What is being asked. The lines from the one with "Creekside Escape" through the last line of the material below, copied exactly and free of pictures, make up the whole answer.

(Available data begins)

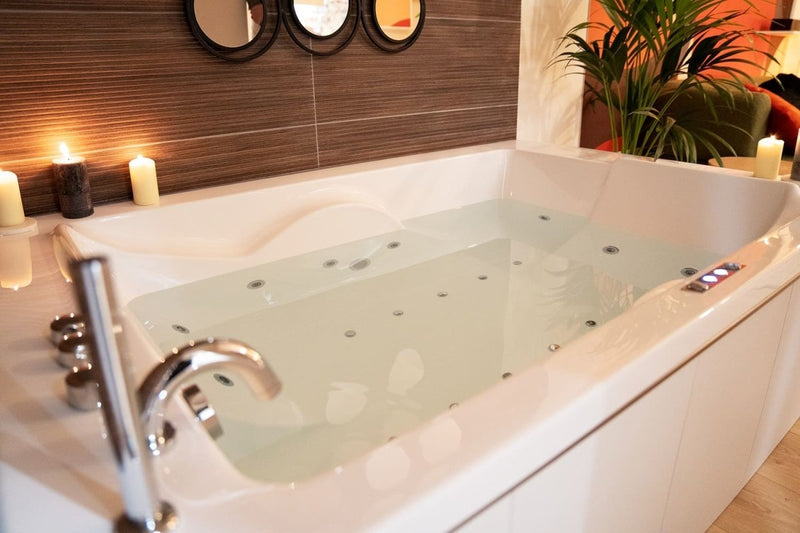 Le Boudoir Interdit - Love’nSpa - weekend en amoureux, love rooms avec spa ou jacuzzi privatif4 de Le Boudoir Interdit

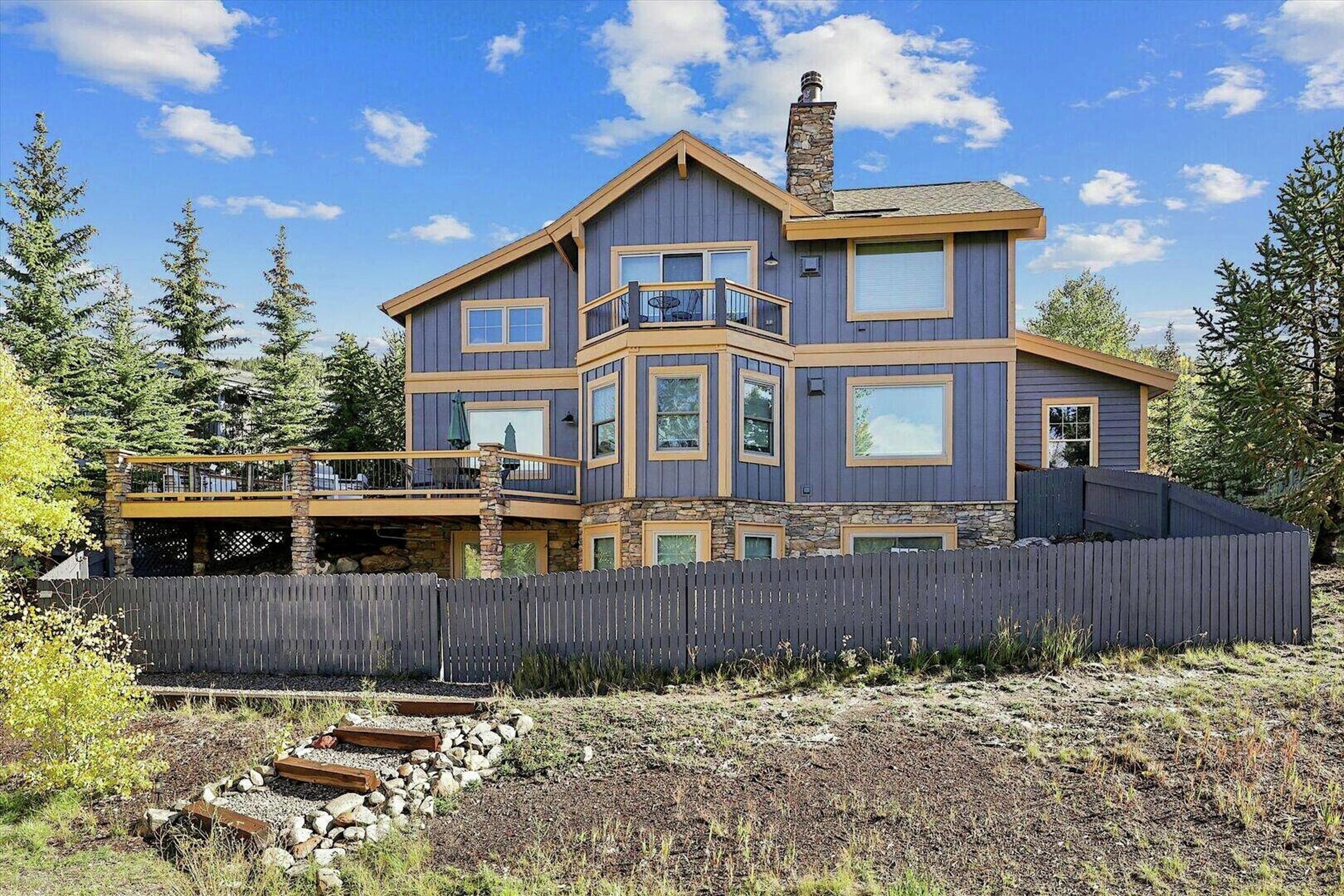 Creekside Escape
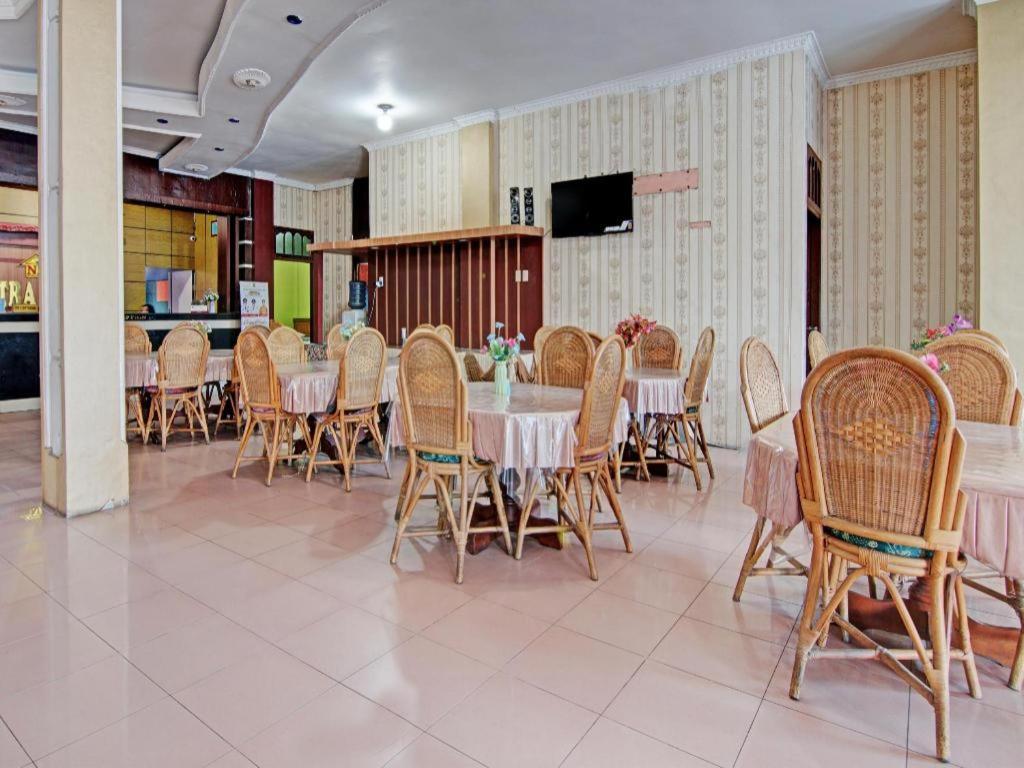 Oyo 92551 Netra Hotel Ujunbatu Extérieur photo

(Available data ends)

Exercise output.
 Creekside Escape
 Oyo 92551 Netra Hotel Ujunbatu Extérieur photo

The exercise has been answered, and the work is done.